>>>

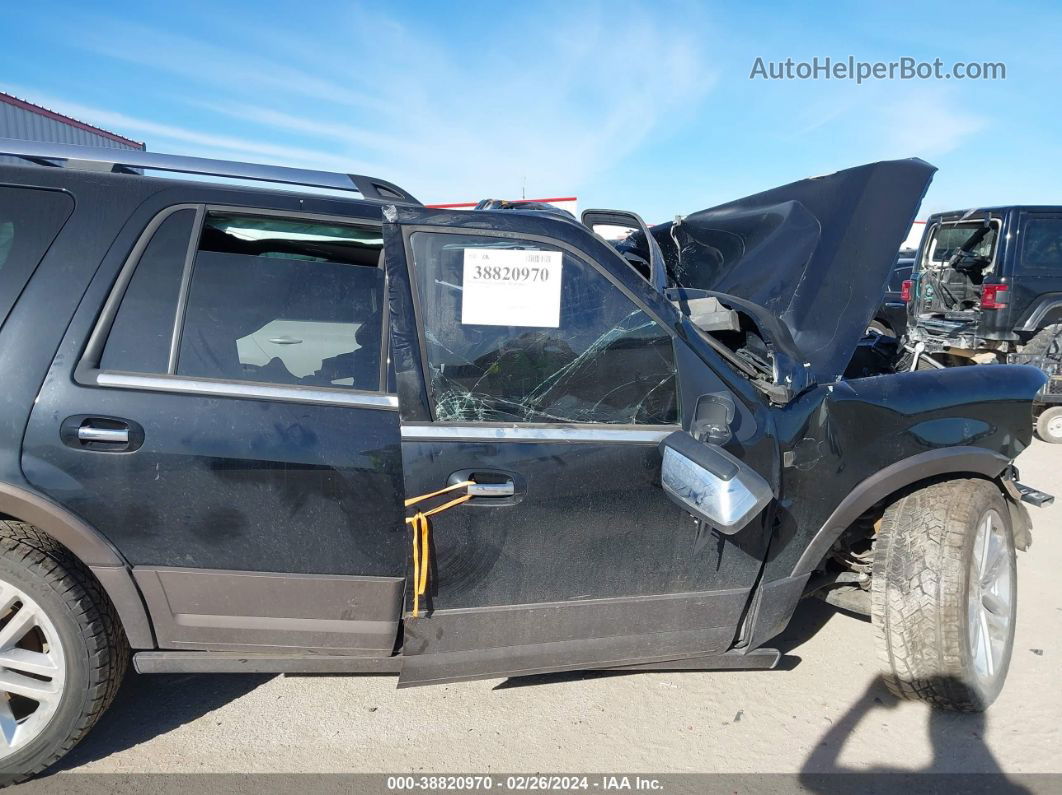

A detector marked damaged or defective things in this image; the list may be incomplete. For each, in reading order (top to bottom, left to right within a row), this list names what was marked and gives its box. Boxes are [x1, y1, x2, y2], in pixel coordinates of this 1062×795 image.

shattered windshield [409, 231, 675, 424]
crumpled hood [654, 157, 938, 382]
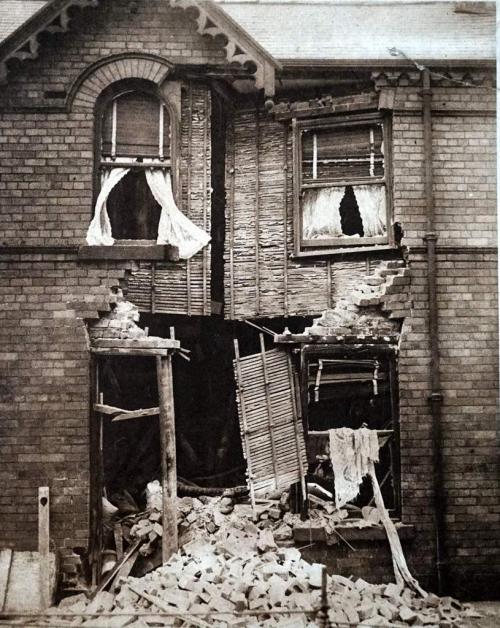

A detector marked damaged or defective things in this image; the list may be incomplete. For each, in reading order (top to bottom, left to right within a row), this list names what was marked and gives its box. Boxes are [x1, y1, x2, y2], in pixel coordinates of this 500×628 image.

broken window [85, 82, 209, 258]
broken window [294, 114, 392, 251]
damaged door frame [89, 336, 181, 588]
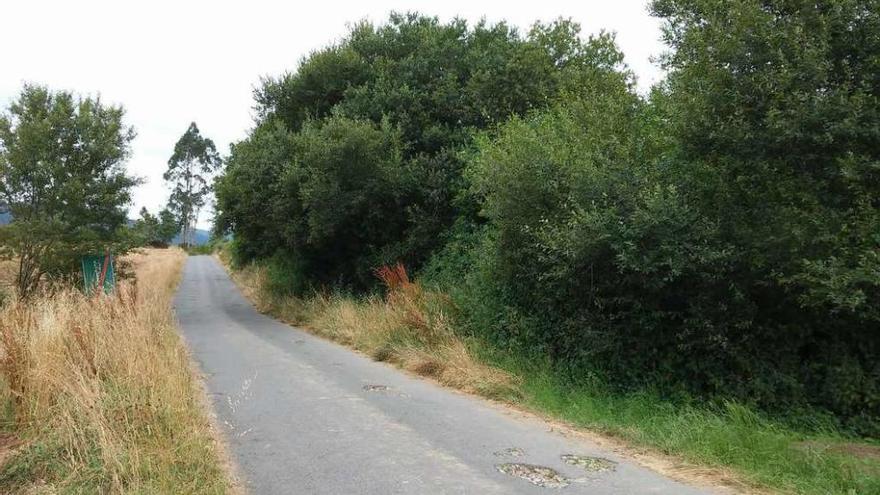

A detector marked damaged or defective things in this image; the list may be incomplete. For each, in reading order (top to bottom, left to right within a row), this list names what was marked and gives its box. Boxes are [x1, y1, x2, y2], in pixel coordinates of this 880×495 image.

patched asphalt [174, 258, 716, 494]
gravel in pothole [496, 464, 572, 488]
pothole in road [496, 464, 572, 490]
pothole in road [560, 456, 616, 474]
gravel in pothole [560, 456, 616, 474]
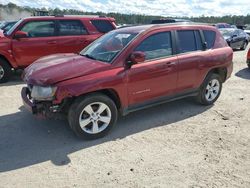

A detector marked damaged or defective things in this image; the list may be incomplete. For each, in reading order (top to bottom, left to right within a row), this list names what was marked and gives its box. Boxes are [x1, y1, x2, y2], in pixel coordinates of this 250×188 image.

crumpled hood [23, 53, 109, 85]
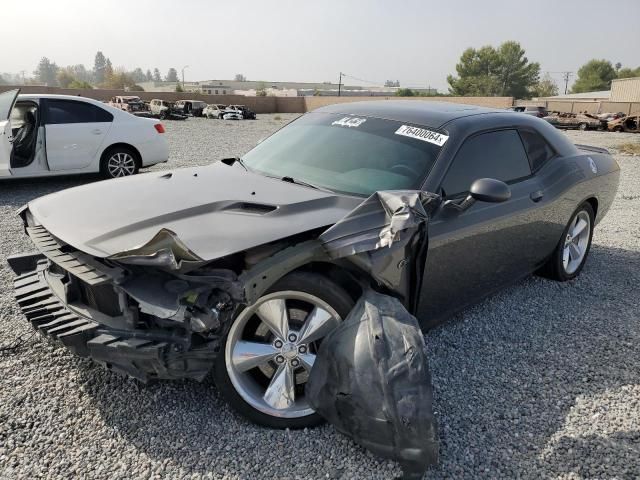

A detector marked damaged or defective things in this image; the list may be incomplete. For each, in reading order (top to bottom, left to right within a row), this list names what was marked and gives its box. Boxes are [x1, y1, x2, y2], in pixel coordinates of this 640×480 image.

damaged gray sports car [7, 101, 620, 476]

<<<

Set down only the lines from the one with "this 880×495 image." through the end of the entries, exactly as they appear, leaving out each picture.

A detector marked damaged or defective things in this image; the list may be incomplete. For each, in reading order (top to bottom, left to right within a row), this list names what was marked and gives its box. Boxes are [x1, y1, x2, y2], in pixel coordinates of this 880×495 image.

patched asphalt [174, 258, 716, 494]
gravel in pothole [496, 464, 572, 488]
pothole in road [496, 464, 572, 490]
pothole in road [560, 456, 616, 474]
gravel in pothole [560, 456, 616, 474]

A detector marked damaged or defective things in this image; the list may be incomplete. For each, in reading order (top to bottom, left to right within a row), this list names what was marked and gives its box. Boxes are [x1, y1, x2, y2], in pixel coordinates of this 250×188 image.

crumpled hood [23, 53, 109, 85]

A detector marked damaged or defective things in this image; the list may be incomplete. For each, in reading order (top to bottom, left to right within a row), this list names what was marked and gives its box. Boxes are [x1, y1, x2, y2], in pixel coordinates of this 640×480 image.

damaged gray sports car [7, 101, 620, 476]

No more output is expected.